**WHAT THE TASK REQUIRES:**
Copy out each line containing "that" from the entries below.

[Opening TASK INPUT section]

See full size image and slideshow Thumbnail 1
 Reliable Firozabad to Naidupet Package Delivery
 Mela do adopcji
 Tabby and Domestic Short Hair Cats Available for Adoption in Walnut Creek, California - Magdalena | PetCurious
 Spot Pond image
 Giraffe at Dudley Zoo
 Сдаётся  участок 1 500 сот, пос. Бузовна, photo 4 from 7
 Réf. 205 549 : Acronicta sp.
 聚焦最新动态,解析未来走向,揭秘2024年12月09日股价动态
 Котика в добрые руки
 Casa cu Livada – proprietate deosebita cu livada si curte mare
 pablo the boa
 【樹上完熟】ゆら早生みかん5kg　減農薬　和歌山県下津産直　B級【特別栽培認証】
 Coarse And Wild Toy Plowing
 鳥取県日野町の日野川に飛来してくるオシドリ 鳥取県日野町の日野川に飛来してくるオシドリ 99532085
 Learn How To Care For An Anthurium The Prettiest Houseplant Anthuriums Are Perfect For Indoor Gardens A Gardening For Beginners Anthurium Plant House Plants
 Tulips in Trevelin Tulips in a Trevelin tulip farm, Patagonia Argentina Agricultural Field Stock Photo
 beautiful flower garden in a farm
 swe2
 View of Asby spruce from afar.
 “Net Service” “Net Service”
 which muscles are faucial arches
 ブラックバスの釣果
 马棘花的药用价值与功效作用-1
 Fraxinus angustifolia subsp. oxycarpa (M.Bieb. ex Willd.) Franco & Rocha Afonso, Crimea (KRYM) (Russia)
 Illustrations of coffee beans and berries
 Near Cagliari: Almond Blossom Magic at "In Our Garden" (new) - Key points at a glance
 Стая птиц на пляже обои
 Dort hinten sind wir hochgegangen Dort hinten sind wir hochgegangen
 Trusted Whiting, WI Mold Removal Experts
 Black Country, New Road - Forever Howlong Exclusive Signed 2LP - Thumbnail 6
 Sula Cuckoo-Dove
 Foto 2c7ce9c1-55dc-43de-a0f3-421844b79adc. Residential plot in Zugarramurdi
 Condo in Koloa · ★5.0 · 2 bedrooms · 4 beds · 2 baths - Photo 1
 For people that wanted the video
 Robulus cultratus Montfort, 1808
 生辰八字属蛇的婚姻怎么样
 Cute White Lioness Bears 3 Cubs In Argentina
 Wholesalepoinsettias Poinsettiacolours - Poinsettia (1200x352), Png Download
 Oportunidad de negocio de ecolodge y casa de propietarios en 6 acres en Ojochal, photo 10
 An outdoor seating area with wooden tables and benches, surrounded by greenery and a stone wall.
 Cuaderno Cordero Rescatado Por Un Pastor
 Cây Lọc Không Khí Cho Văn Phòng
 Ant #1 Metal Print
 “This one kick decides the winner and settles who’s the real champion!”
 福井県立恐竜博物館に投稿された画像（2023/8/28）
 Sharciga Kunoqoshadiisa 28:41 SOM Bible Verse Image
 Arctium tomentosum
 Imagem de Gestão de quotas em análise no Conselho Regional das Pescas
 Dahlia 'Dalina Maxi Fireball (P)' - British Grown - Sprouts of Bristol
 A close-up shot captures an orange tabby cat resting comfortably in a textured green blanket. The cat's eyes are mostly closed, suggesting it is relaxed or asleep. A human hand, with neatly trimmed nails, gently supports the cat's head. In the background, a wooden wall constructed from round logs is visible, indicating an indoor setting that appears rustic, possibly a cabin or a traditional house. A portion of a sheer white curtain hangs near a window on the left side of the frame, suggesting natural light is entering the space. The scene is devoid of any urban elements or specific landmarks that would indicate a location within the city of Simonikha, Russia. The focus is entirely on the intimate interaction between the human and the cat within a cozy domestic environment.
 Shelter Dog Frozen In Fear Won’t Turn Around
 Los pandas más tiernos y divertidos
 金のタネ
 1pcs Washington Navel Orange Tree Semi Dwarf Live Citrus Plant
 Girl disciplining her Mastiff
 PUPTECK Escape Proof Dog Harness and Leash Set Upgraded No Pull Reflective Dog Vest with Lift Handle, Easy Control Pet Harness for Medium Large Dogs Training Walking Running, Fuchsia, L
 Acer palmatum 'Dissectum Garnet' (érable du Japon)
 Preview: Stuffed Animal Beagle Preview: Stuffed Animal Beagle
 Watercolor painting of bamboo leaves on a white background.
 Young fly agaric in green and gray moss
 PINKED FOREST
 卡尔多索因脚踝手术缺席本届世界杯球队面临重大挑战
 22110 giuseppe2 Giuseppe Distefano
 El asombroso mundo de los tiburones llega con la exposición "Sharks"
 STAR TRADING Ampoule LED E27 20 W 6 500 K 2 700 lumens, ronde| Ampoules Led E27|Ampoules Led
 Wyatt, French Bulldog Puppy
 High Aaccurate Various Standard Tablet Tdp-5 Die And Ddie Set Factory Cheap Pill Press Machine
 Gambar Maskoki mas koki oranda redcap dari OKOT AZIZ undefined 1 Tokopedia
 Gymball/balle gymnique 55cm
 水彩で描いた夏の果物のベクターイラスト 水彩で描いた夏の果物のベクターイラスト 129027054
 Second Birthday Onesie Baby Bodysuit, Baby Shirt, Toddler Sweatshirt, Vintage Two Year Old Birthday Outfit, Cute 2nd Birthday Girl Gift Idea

[Closing TASK INPUT section]

**PROBLEM SOLUTION:**
 For people that wanted the video
 A close-up shot captures an orange tabby cat resting comfortably in a textured green blanket. The cat's eyes are mostly closed, suggesting it is relaxed or asleep. A human hand, with neatly trimmed nails, gently supports the cat's head. In the background, a wooden wall constructed from round logs is visible, indicating an indoor setting that appears rustic, possibly a cabin or a traditional house. A portion of a sheer white curtain hangs near a window on the left side of the frame, suggesting natural light is entering the space. The scene is devoid of any urban elements or specific landmarks that would indicate a location within the city of Simonikha, Russia. The focus is entirely on the intimate interaction between the human and the cat within a cozy domestic environment.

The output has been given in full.